• _Listed entries_:

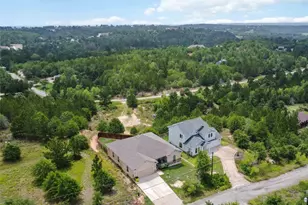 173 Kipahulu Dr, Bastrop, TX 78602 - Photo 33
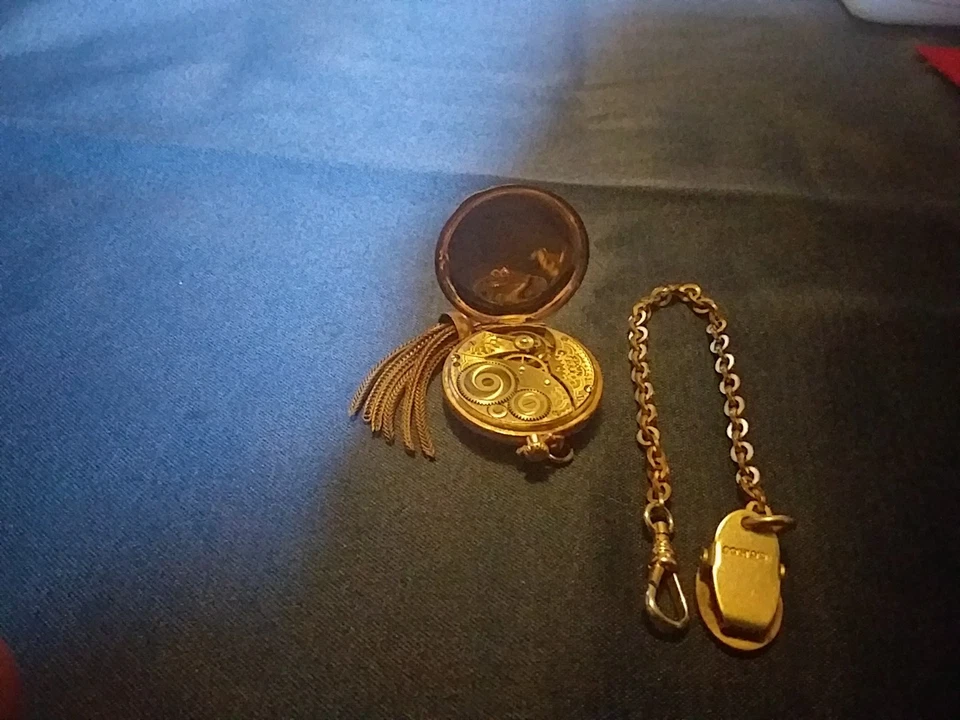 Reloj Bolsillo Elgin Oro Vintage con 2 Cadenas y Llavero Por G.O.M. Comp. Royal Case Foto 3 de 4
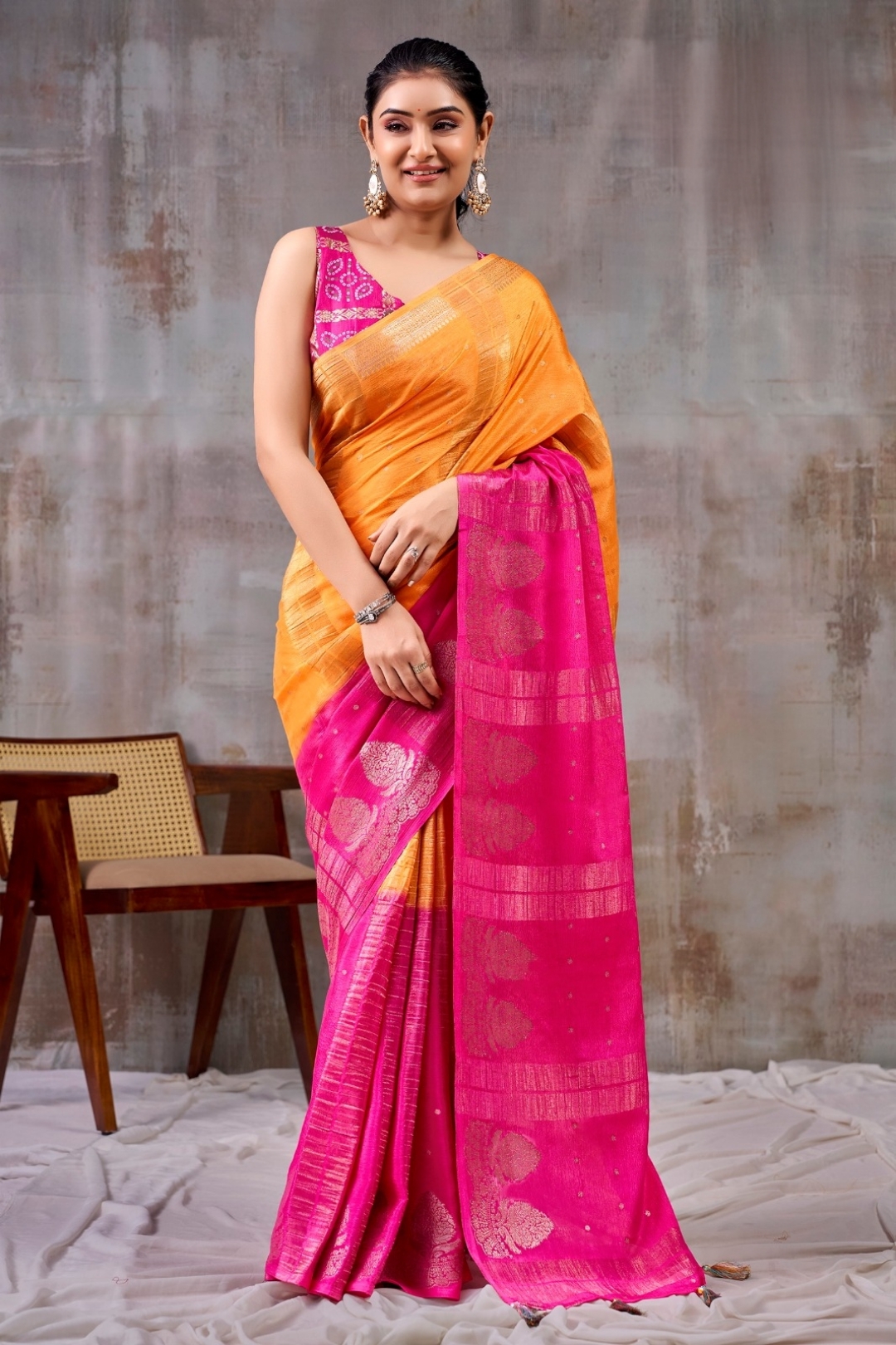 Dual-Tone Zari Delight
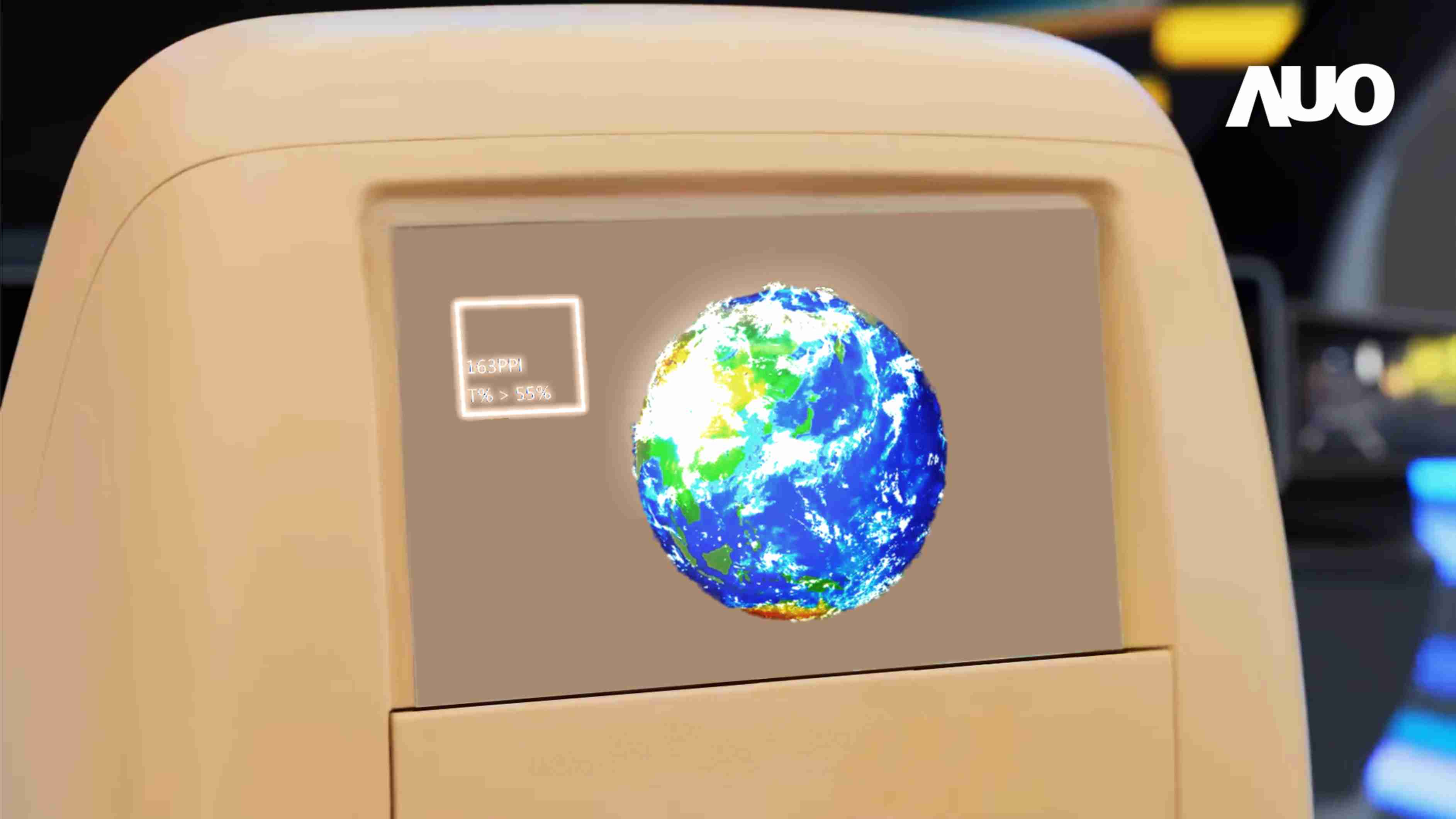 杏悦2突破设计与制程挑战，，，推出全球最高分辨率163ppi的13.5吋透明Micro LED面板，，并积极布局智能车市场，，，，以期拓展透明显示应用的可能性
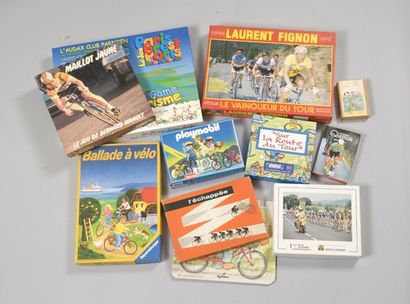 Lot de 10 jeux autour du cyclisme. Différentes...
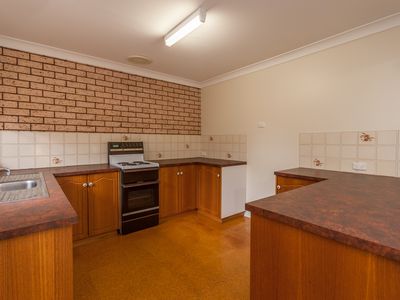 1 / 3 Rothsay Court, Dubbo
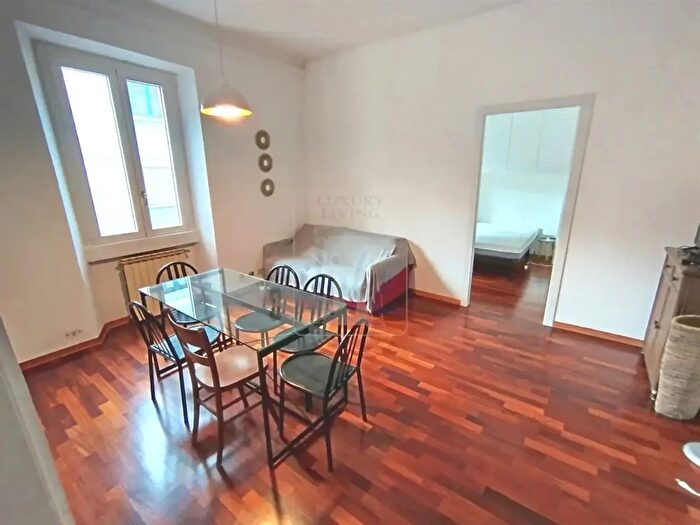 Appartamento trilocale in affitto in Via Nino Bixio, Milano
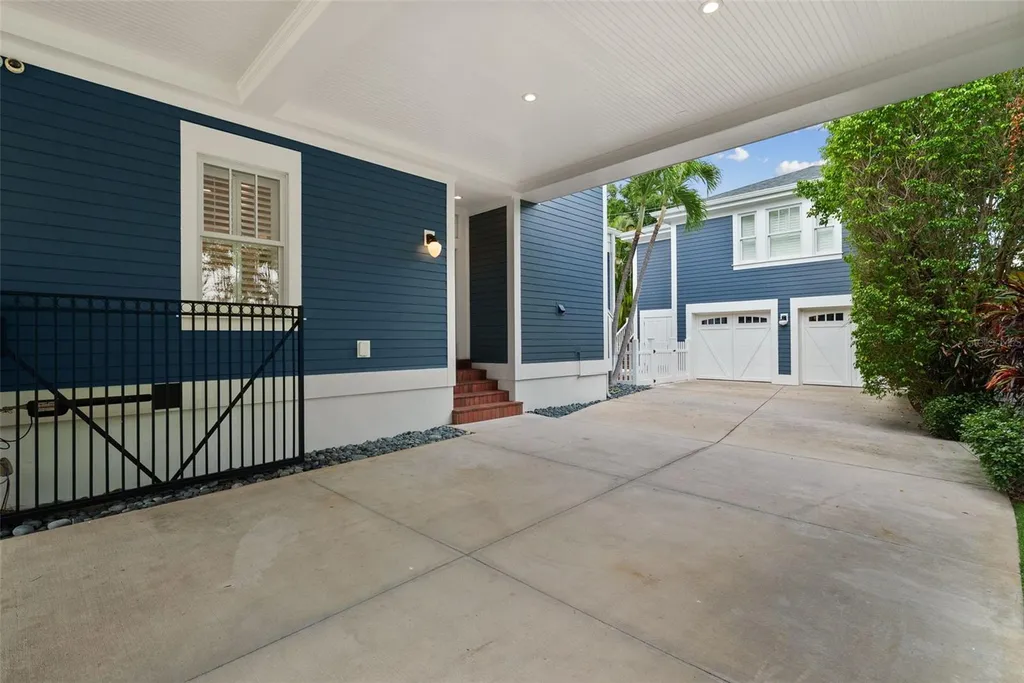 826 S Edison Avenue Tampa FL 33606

• _What you should do_: Using the records above, extract exactly and only the lines from the one with "Appartamento trilocale in" through the final line, inclusive, leaving out pictures.

• _Task result_:
 Appartamento trilocale in affitto in Via Nino Bixio, Milano
 826 S Edison Avenue Tampa FL 33606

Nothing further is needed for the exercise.